Next season’s Hoofdklasse competition in The Netherlands will have a number of new features, although the KNCB and its participating clubs have stopped short of really radical change.
The review of the structure of the competition was triggered by a busy international season, which will see the Dutch side playing Canada in June, in Ireland the following month, and in Scotland at the beginning of August. The results of a consultative process involving the KNCB board and Hoofdklasse clubs were presented to a general meeting last week.
The international programme means that players in the national squad could miss up to six of their clubs’ Hoofdklasse fixtures, and one suggestion was that the competition could be suspended during this period.
But the month-long lay-off during the ICC Trophy in 2005 was unpopular with most clubs, and it quickly became clear during consultations that there was strong support for continuing the Hoofdklasse throughout the summer, with clubs drawing on their reserve players where necessary.
In order to ensure that the absences do not have too great an effect on the championship, however, the title will be decided for the first time by play-offs.

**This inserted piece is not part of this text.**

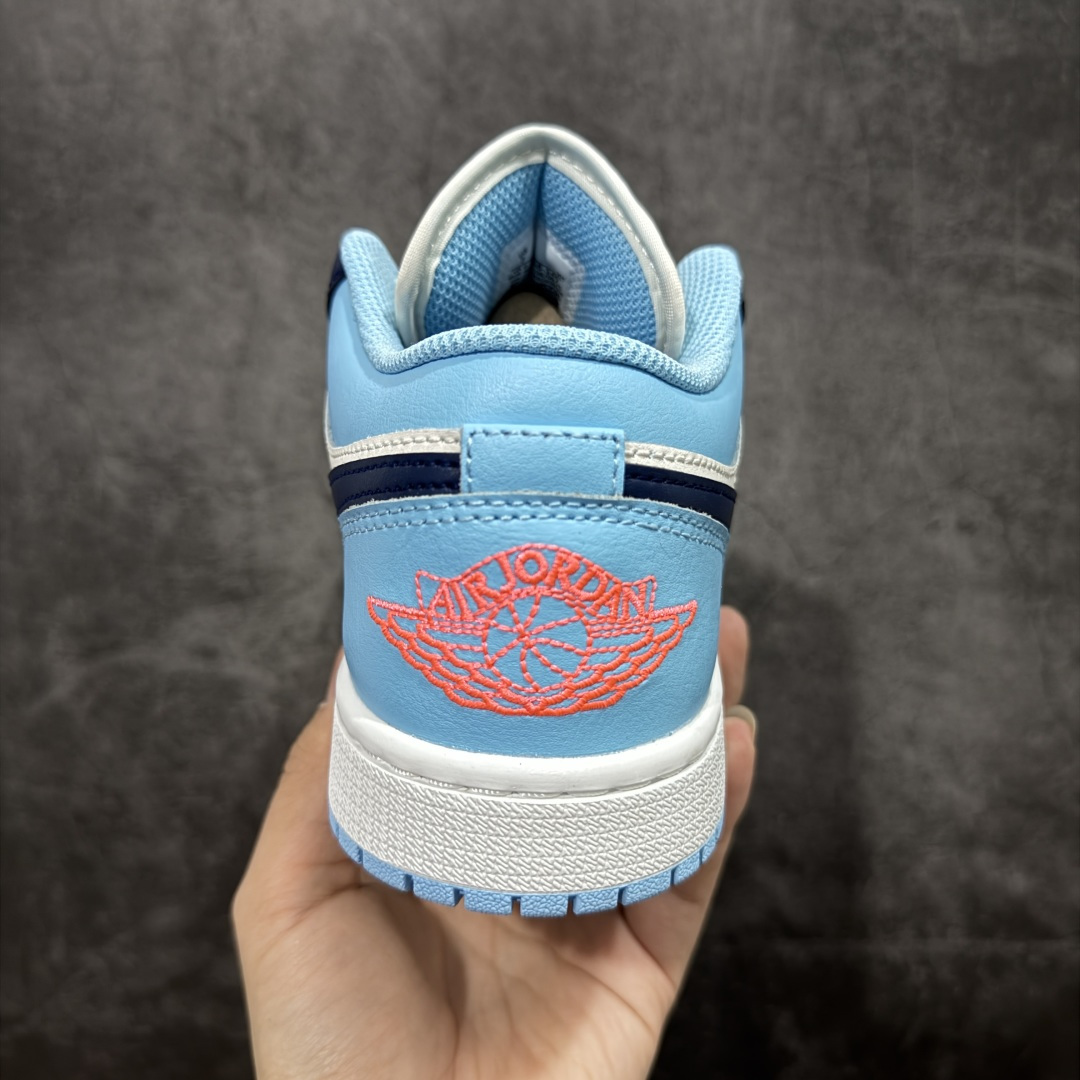 图片[4]-【DT纯原】Air Jordan Low AJ1 乔1蓝白 低帮文化休闲运动板鞋 553558-149  市面中低帮最具代表性版本没有之一 口碑大厂出品 品控大底版型不断改良更新 全套原纸板楦头开发 确保原汁原味 完美呈现版型 完美零毛边处理 原厂内置全掌气垫 价格定位良心 平台专用代工流水线出品 一眼公司既视感 拿到手的一瞬间就与众不同 碾压市面所有版本 全部原鞋开发 每一个配色都会采购原鞋确认细节 打破市面看图做货无好货之说 尺码：35.5-46-选品中心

The top four sides after the two rounds of round-robin matches will meet in semi-finals and a final in the first half of September.
The KNCB hopes that these competition deciders will also create a higher public profile for the final stages of the Hoofdklasse.
Another far-reaching change will be the introduction of the Duckworth/Lewis system for rain-affected matches, with the implication that the minimum number of overs bowled for a game to be completed will be reduced from 35 to 20.
This should mean that a much smaller number of matches will be left unfinished, and the practice of rescheduling rained-off games will now be abandoned. Any games which do not reach the D/L minimum will simply be left out of the league table calculation.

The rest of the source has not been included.